Issue No.5 December 1979 is headed by McGillivray and Nickson's editorial, and includes articles '...A Not So New Non Silver Process' by 'the Editors'; 'China Cheesecake'; 'On the Subject of John Szarkowski' by A.D. Coleman; 'Pictures, Words and History' by Jozef Gross; 'Dismantling Modernism, Reinventing Documentary (Notes on the Politics of representation)' by Allan Sekula; and Ian Cosier 'An Australian Photographic Data Base: A Research Resource'.

In issue 7 McGillivray reported on research into the collection of Richard Daintree negatives at the Science Museum of Victoria

Issue No.8 included Johansen's investigation of German photographer of Australian indigenous people, J. W. Lindt.

Issue No.9 contained, amongst other articles, Nick Lottkowitz, 'Conservation and restoration, some chemical thoughts.'

== Cessation ==
Finding suitable content for the journal required considerable and far-reaching research, and led to new interests for the editors; on reading Carroll Hart's 'The New Documentation: Oral History and Photography', Nickson, who with McGillivray was then becoming interested in the planning and execution of historical photograph preservation, wrote to the author on January 1, 1983, about her involvement in the project.

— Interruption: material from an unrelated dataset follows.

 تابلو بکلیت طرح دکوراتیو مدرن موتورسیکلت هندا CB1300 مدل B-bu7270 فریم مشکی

In issue 9, of July 1983, Sherry Konter's 'Final Report' on the Vanishing Georgia Project was printed beside the editors' proposal for the Australian Bicentenary; 'Australia as Australians Saw It. A Comprehensive Pictorial Record of our Heritage: 1839–1939'; and their 'Position Paper— February 1983'.

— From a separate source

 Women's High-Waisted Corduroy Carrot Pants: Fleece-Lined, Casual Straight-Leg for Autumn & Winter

Australian National Library bibliographer Victor Crittenden hailed the latter project as "most important," an; ...endeavour to create a comprehensive national index of photographic images. Entitled for the present 'Australia as Australians saw it', this project is to canvass the public to arouse awareness of the importance of photographs of the past; to invite the public to submit photographs and to allow them to be copied, and to provide a subject approach to the photographs, with appropriate cross-references, by means of a computer-based indexing program.Their idea was mercilessly critiqued by Tim Robinson of the Council of the City of Sydney Archives for the ambitious scale of a project that would digitise 500,000 images and computerise their cataloguing, storage and retrieval; It is obvious from the submission and the position paper that WOPOP has not the slightest conception of the logistics of copying such a number of photographs, let alone documenting them and 'fully' indexing them. Even with the computer programme they describe, and there is no evidence that it has been tested in any way, the entire project would be of vast proportions with no guarantee of success. The money would surely be better spent on collections already held and in need of attention.WOPOP ceased publication that year with issue 9 when McGillivray and Nickson moved on to inaugurate the Museum of Victoria's Outreach Project in 1985 to realise their ambition, expressed in that last issue, to compile a national archive of Australian documentary, vernacular and historically significant photographs up to 1939, the centenary of the Daguerreotype. To do so, the pair issued a call for Australians: "to sit down with your family, look through your collection of photographs and select those which you and your family think should be included in the heritage of Australia," requesting specifically photographs of "members of your family at work, play, or engaged in leisure time activities...".

== Legacy ==
Several Australian contributors to WOPOP: Working Papers on Photography, especially Ann-Marie Willis who provided several of its articles, Jenni Mather and Graeme Johanson went on to publish books of substantial photo-historical research, and Jenny Carew's articles for other journals treated historical subjects.